Rahul was suspended by the BCCI for his sexist comments on a TV chat show and the ban was subsequently lifted subject to an inquiry by a court- appointed ombudsman.
The Karnataka opener, who made a comeback to competitive cricket with India A assignment, had scores of 13, 42 and 0 against England Lions in three one-day games.
"He (KL) got a good first ball today as it seamed. I have no doubt that he has got quality and ability. He is playing four-day games as well and he has shown that he can succeed at the international level in all three formats," Dravid told reporters after India A clinched the five-match limited overs series 4-1.
"He has got a hundred in T20, ODI and Test and not many batsmen have that record. He is a proven performer and I am not too worried about his form," the India A coach said.
Asked if the purpose of playing senior team players like Test vice-captain Ajinkya Rahane, Rishabh Pant, Rahul or Hanuma Vihari was served, the former India captain provided the broader perspective.
"India A is always a combination of two things. There's always some players coming in from India (senior national team) and there are some other senior boys selectors want to see. They are looking at players some from a short-term perspective and there are other boys they are looking at medium and long term perspective. India A is a balance of both," he explained.
While he didn't take names, Dravid indicated that there are some players that national selectors are looking purely on a short-term basis for the next two months.
It could well be Pant, Rahane and Rahul, who are in the scheme of things as far as World Cup is concerned.

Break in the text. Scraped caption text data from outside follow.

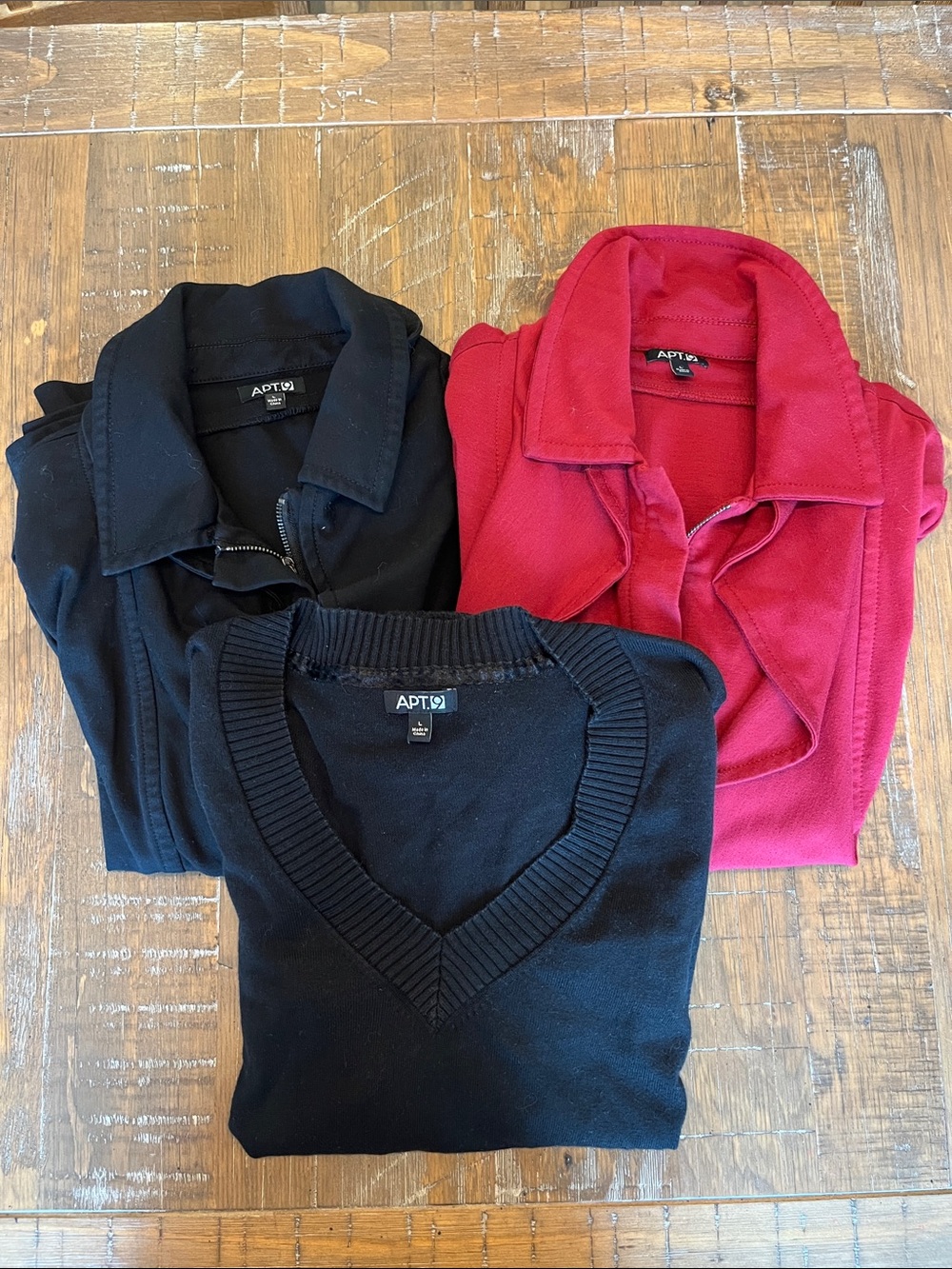 Apt. 9 Bundle - 2 Jackets and Sweater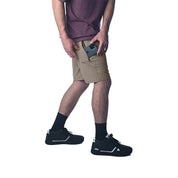 TASCO MTB Sessions anything hybrid shorts, Oatmeal phone pocket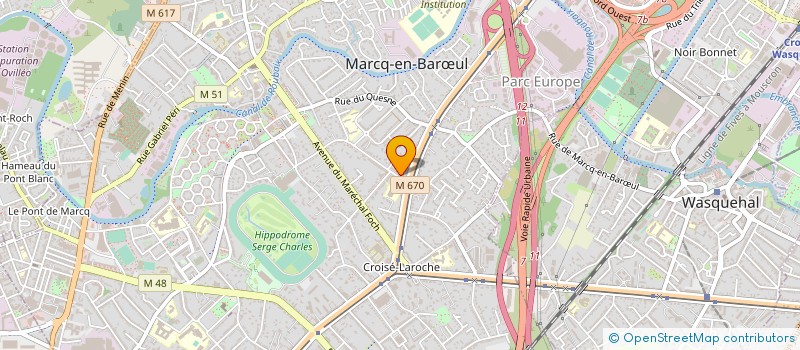 localisation de l'entreprise MADAME CATHERINE OVINET à MARCQ-EN-BARŒUL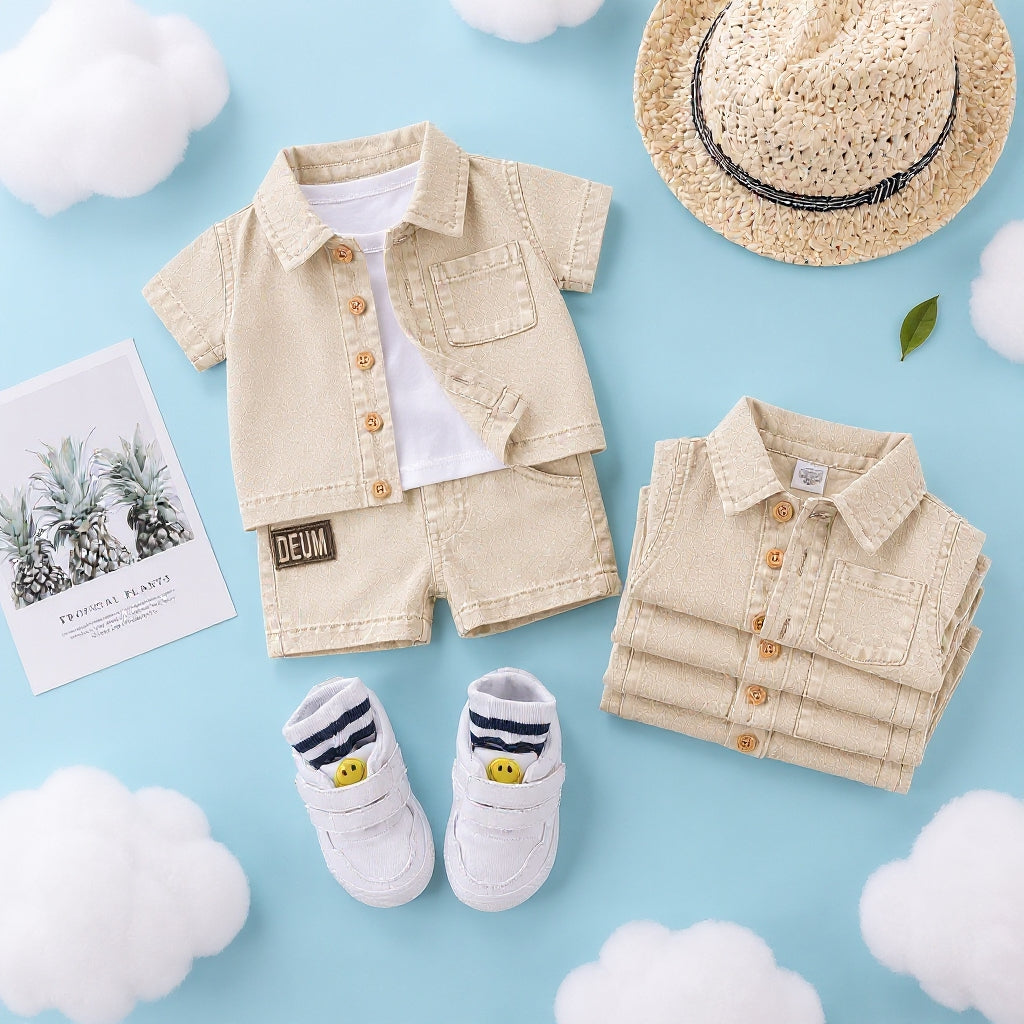 Baby Boys and girls Denim Outfit Set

"It's always not about results. There are some players who we are looking at for the next 12 or 18 months. For some, the next couple of months might be important as they are trying to impress the selectors. As much as we have seen seniors like Rahane, Rahul and Vihari, we have also seen a Himmat Singh (Delhi), Ricky Bhui (Andhra) or Ruturaj Gaekwad (Maharashtra)," the coach said.
There have been discussions about how India A tours and home series clashing with Ranji Trophy has affected the quality of competition at the domestic level but Dravid said it's only for the betterment of talented players.
"It's not an easy one to avoid but if you would have noticed in this series, we didn't pick anyone who was involved in the Ranji Trophy, so we gave that importance to the quarterfinals, semi-finals and the final of the Ranji Trophy," said Dravid.
"But it's not easy as we have to balance out the needs of some of these players. We have to develop those players and give them a level and standard that is higher than domestic cricket. If we don't challenge our players at a level higher than domestic or first-class, how are we going to develop them to play international cricket.
"Lot of these tours are reciprocal and we have to balance it out, possibly try and not clash but when clash happens it's inevitable," he further explained.
Dravid also sounded confident that the Indian team under Virat Kohli will "peak during next few months" as they go into the World Cup in England as one of the tournament favourites.
India have now won three away ODI series in South Africa, Australia and New Zealand and are considered by many as the team to beat at the global event which begins on May 30.
"I think India are playing very good cricket at the moment and go in as one of the favourites. Hopefully, we will peak in the next few months," he said.
"Wickets will be very flat in England and I expect it to be quite a high-scoring World Cup. When we were in England with A team, 300 was regularly scored," Dravid said, citing how things have changed in the last two decades.
"A lot more runs will be scored compared to the 1999 World Cup, where we used the Dukes white ball. The white Kookaburra with two new balls, revised field restrictions (different Powerplays) are different, so you can't compare the two World Cups."
Dravid, who will be a part of BCCI's core programme on behavioural and life coaching for young cricketers, feels that a need to broaden the horizon is imperative for young minds. In a nutshell, an alternative career if cricket doesn't bring the desired results.
"There's a need to broaden the horizon and we need to look at other options also which gives them certain skills and talent. Even if it's not necessarily formal education but something that might help them once they finish their cricket. It's just a thought and let's see where it leads us," he signed off.